Detecting Long-Term Changes in Air Pollution from Space
Developing Tools for High-Resolution Air Quality Data
To keep our air clean, we need to implement effective regulations. To understand the effect of regulations, we need access to high-quality data that can show long-term trends.
Amir Souri, a Ph.D. student who is advised by Yunsoo Choi, assistant professor in the Department of Earth and Atmospheric Sciences, is working on high-resolution methods to detect changes in air pollution.

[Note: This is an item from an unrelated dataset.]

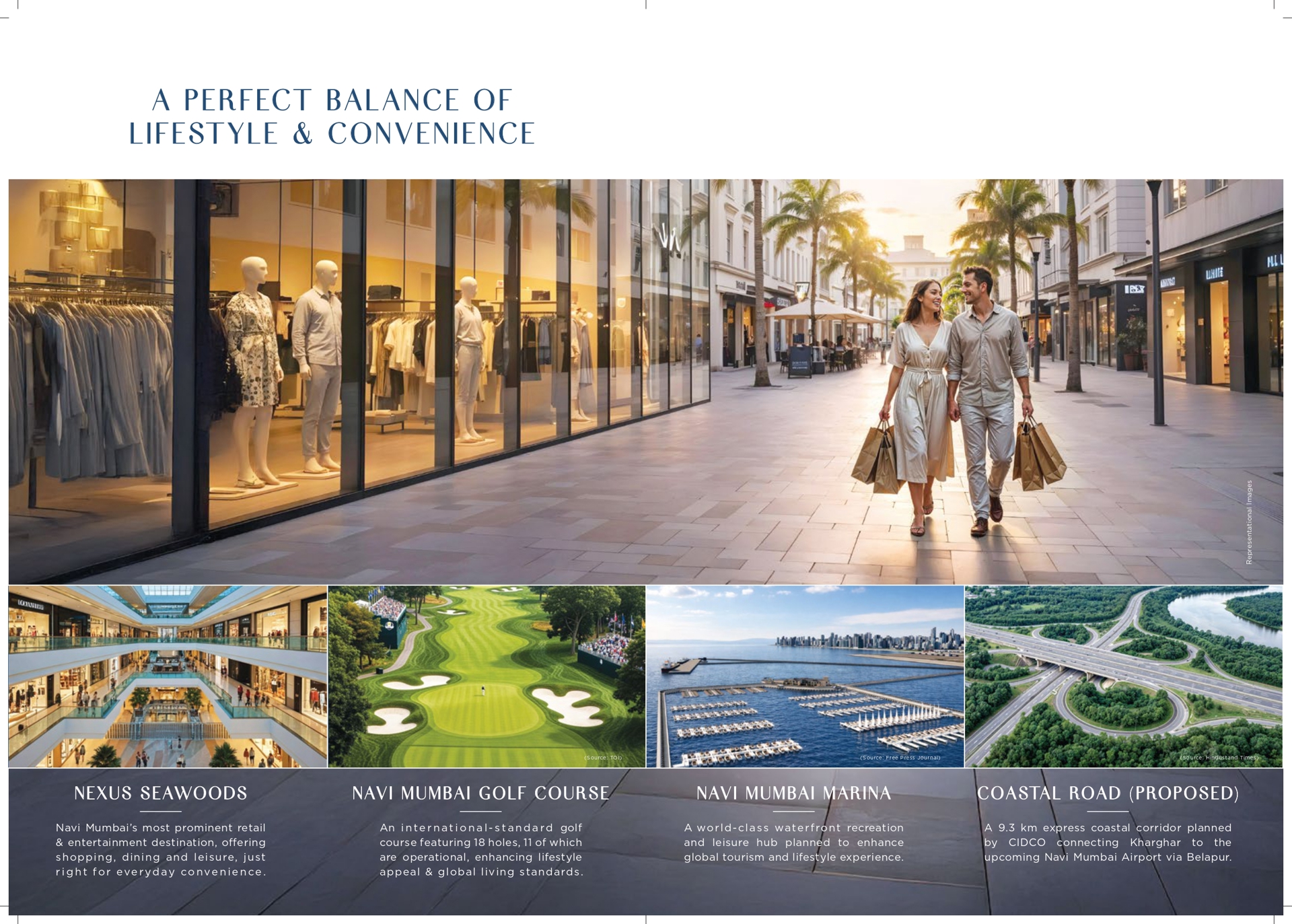 Raheja World Residance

Recently, Souri was the lead author on a paper, published in the Journal of Geophysical Research: Atmospheres, in which he used these methods to detect changes in emission levels in East Asia. This method, which can be used for detecting multiple types of air pollution, focused on ozone, which is also a problem here in the United States.

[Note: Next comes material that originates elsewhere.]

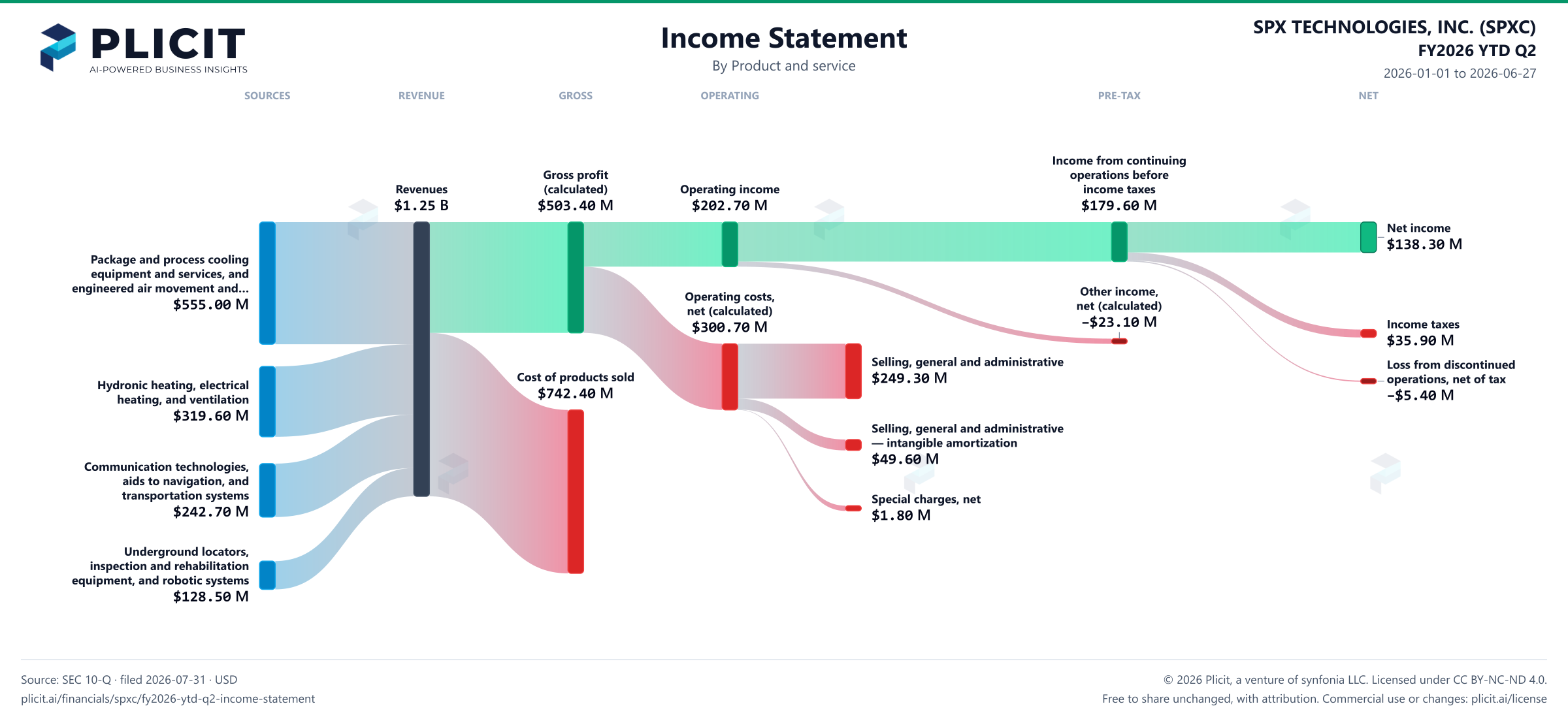 SPX TECHNOLOGIES, INC. (SPXC) FY2026 YTD Q2 P&L / Income Statement Sankey chart, Product and service view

Ozone at Ground Level Harms Human Health
“In the stratosphere, ozone is useful because it blocks UV radiation,” said Souri, who arrived at the University of Houston in 2015.
However, on ground level, ozone poses a human health risk, leading to complications such as asthma and reduced lung function.
Ozone pollution is especially hard to predict, given that it is formed due to the photochemical reaction of different air pollutants. Souri’s research has focused on detecting the two primary reactants, which are NO2 and a class of compounds known as volatile organic compounds (VOCs). The main source of NO2 and VOC emissions are from vehicles, power plants and industry in East Asia.
Under the right circumstances, one that is dependent on sunlight and the right proportions of reactants, these can combine to form ozone.
Ozone Pollution Capable of Traveling Long Distances
“Air pollution doesn’t remain confined to one country,” Souri said. “Ozone has a long lifetime, lasting from a few days to several weeks. So even though we have regulations, ozone is still transported to the western United States from China.”
Using data from NASA’s Ozone Monitoring Instrument, which orbits the Earth recording daily air quality measurements, Souri was able to construct high-resolution maps dating back to 2004. These maps are of both NO2 and VOC levels.
High-Resolution Methods Show Hidden Trends
“We devised a new method called trend classification, which gave us a high resolution method to determine how NO2 levels changed during a long period of time,” Souri said.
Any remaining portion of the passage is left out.